Computes the combined smoothness score for a series of points based on both angle-based smoothness and normalized length. The method integrates these two metrics into a single smoothness score by averaging their values.

Parameters:
  • points – The array of points representing a series of coordinates. It should have shape (n, m) where n is the number of points and m is the dimensionality of each point.

  • min_l – The minimum length used for normalization.

  • max_l – The maximum length used for normalization.

Returns:

The combined smoothness score as a float value.

tardis_em.analysis.spatial_graph_utils.compare_splines_probability(spline_1: ndarray, spline_2: ndarray, threshold=100)

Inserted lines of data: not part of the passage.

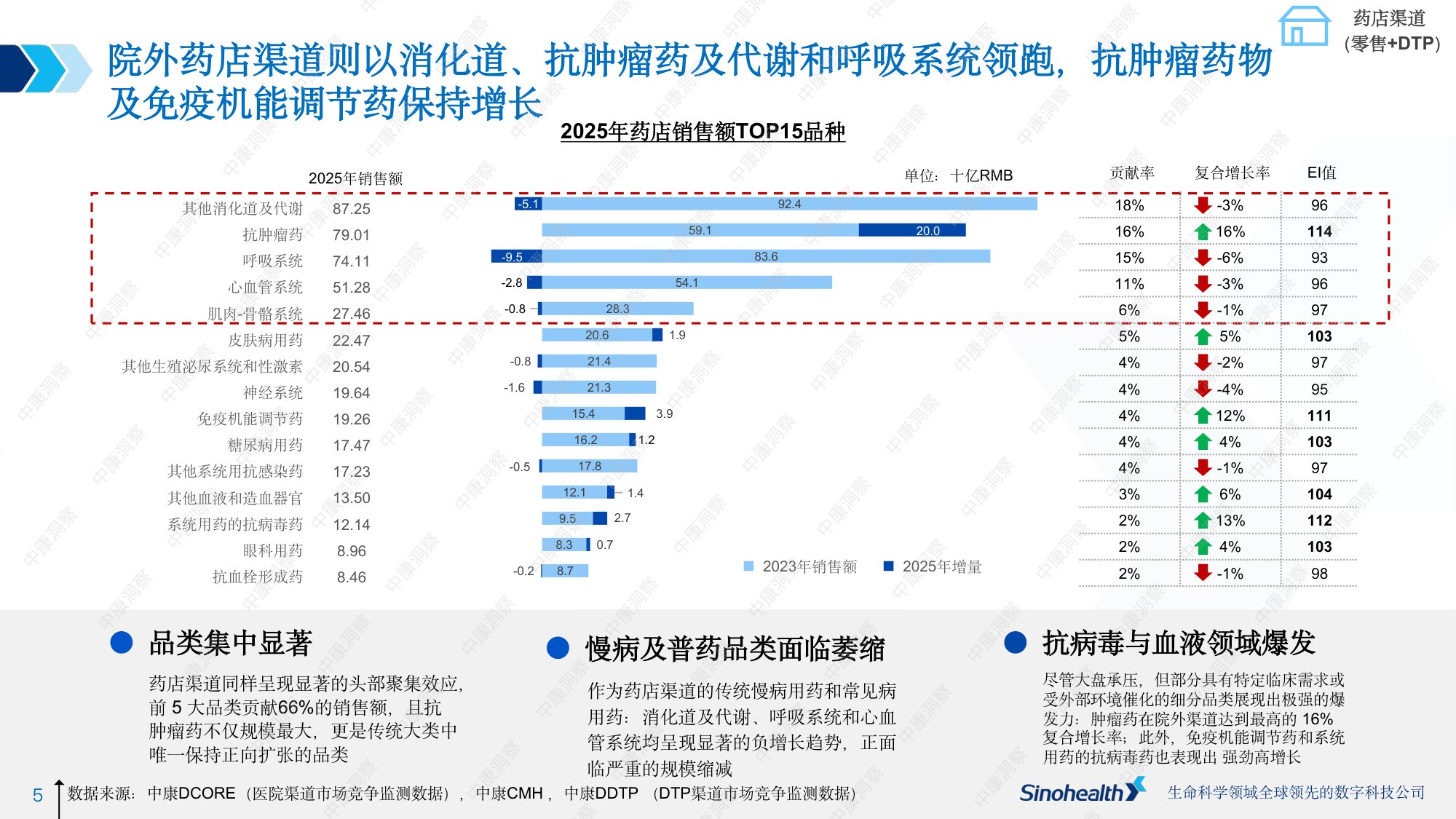 中康科技2025中国医药核心渠道全景报告.pdf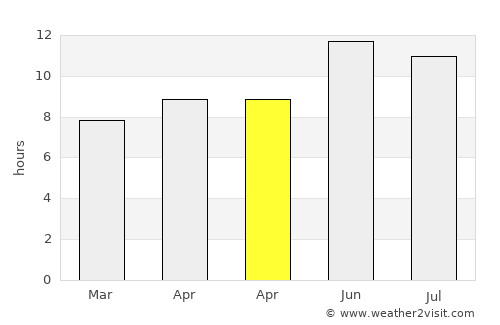 Gōmal Kêlay average rain in April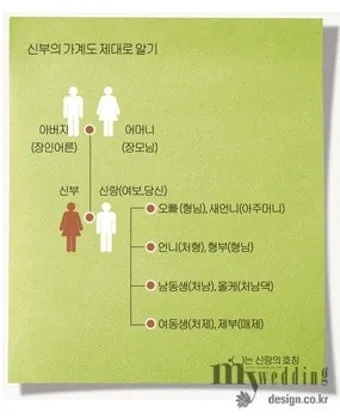 며느리 호칭과 관계 정리표_6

Compares the similarity of two splines based on a distance threshold and returns a probability measure of their intersection. The comparison is performed by calculating the distances between points on the splines and determining the proportion of points on the first spline that match the second spline, within the specified threshold.

Parameters:
  • spline_1 – A numpy array representing the first spline.

  • spline_2 – A numpy array representing the second spline.

  • threshold – A numeric value representing the distance threshold below which points on the splines are considered matching. Default is 100.

Returns:

A floating-point value representing the probability of intersection, i.e., the proportion of points on the first spline that match the second spline within the specified threshold.